Full axillary lymph node dissection (ALND) was done on all patients in 27 studies (n=3,182) and in approximately 30 percent of patients in the remaining 12 studies. In 2 of these 12 studies, the number of patients who received a full ALND was not reported. Both vital blue dye and radiocolloid mapping were used to identify the sentinel lymph nodes (SLN) in the majority of studies (k=20, n=3,866), vital blue dye was used alone in seven studies (n=506), and radiocolloid mapping was used alone in 12 studies (n=1,524). The sum of these numbers does not equal the total number of patients in all of the studies because not all patients in the combination studies ended up receiving both dyes.
Most studies reported the number of patients in whom the sentinel node was detected, the number of sentinel nodes that were positive for cancer, the number of positive axillary nodes, and the number of false negative (FN) sentinel nodes. In the studies in which ALND was not performed on all patients, it was not always possible to distinguish which patients did receive a full ALND. Therefore, the results presented in the following summary are from only the studies in which full ALND was performed on all patients.
From the 27 studies in which all patients underwent ALND, at least one sentinel node was detected in 2,909 of the 3,182 patients studied (91.4 percent). Sentinel nodes were positive for metastatic disease in 1,089 patients (37.4 percent). Axillary nodes were positive for metastatic disease in 1,184 patients. A total of 84 FN sentinel nodes was reported, for a false negative rate of 2.9 percent. Adding the number of FN sentinel nodes to the number of positive sentinel nodes does not yield the number of positive axillary nodes because some of the positive axillary nodes were in patients in whom sentinel nodes were not detected.
Most studies reported results of SLN biopsy in patients with carcinomas only, but two studies included patients with DCIS also. Bass, Duaway, Mahatme, et al., (1999) included 150 patients with DCIS, of which 11 had positive SLNs. Cox, Pendas, Cox, et al., (1998) included 87 patients with DCIS, of which four had positive SLNs. Combining these data elements, 15 of 237 (6.3 percent) patients with DCIS had positive SLN biopsies. This brings into question the accuracy of the DCIS diagnosis.
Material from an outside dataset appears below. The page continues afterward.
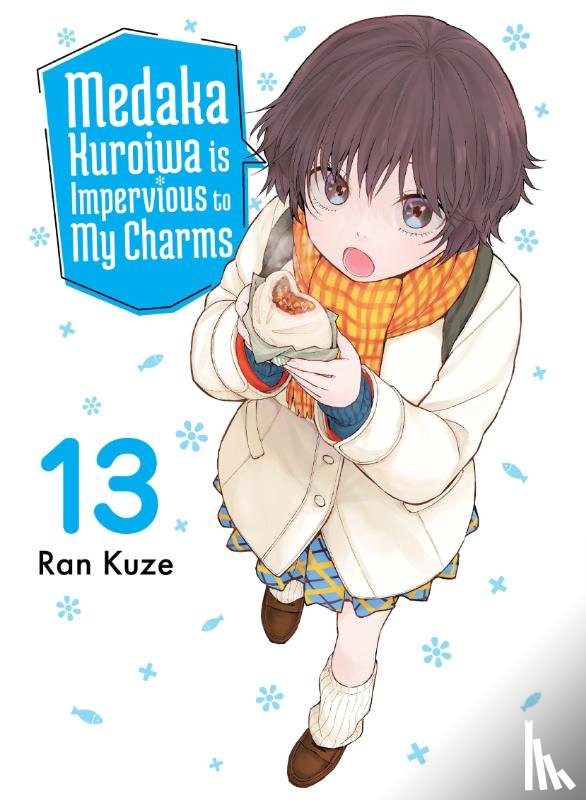 Kuze, Ran - Medaka Kuroiwa Is Impervious to My Charms 13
The percentage of FN procedures varied not only by biopsy method, but also by calculation technique. Roumen, Valkenburg, and Geuskens, (1997) argued that the number of FN biopsies should be compared with the number of true positive ALNDs, rather than comparing the false negatives to the full number of patients studied. This does not take into account the number of true negatives. Another method of calculation would be dividing the false negatives by the total negatives. Both of these methods of calculation would result in higher false negative rates.
Ideally, comparisons of sensitivities of sentinel node biopsy between patients with different tumor characteristics could be calculated; however, the database is lacking sufficient information. Additional useful information would be comparison of success rates in sentinel node biopsy based on amount of experience by the surgeon and yield of biopsy results based on extent of pathological exploration.
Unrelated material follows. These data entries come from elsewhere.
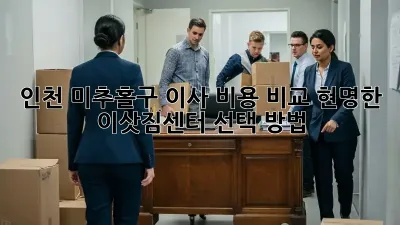 인천 미추홀구 이사 비용 비교: 현명한 이삿짐센터 선택 방법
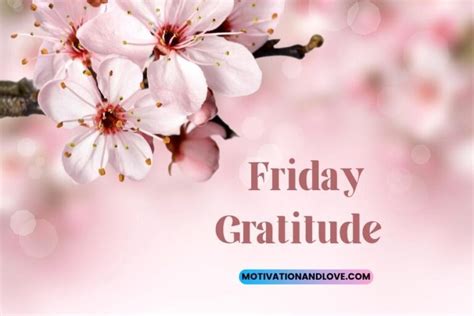 Friday Gratitude Quotes Motivation And Love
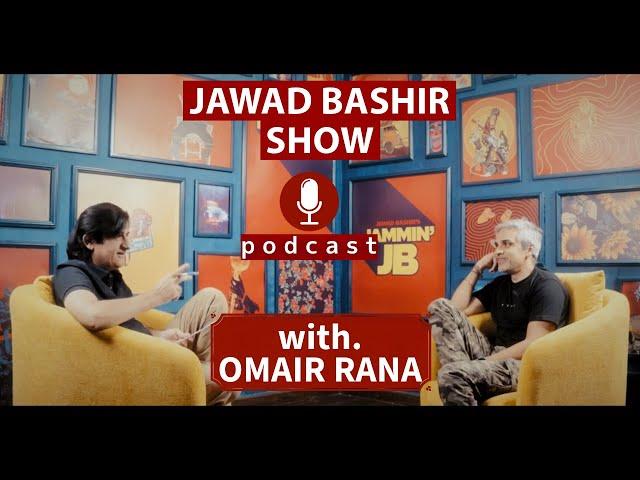 Omair Rana In Jawad Bashir Show | Pakistani Podcast️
Two recent studies which were published after this database was collected provide further evidence in support of sentinel node biopsy (Giuliano, Haigh, Brennan, et al., 2000; McMasters, Tuttle, Carlson, et al., 2000). In the two studies, 939 patients underwent SLN biopsy followed by full ALND. Sentinel nodes were successfully identified in 841 of the 939 patients (89.6 percent). The false-negative rate is consistent with that reported in this database. Long-term, multicenter trials currently are underway to evaluate the impact of SLN biopsy on cancer outcomes and survival (Giuliano, Haigh, Brennan, et al., 2000). If the long-term data are as promising as the short-term data appear to be, SLN biopsy may become the standard of care for nodal staging of women with breast cancer.
Question 5 Results: What are the costs associated with diagnosis and management of breast disease, as outlined above?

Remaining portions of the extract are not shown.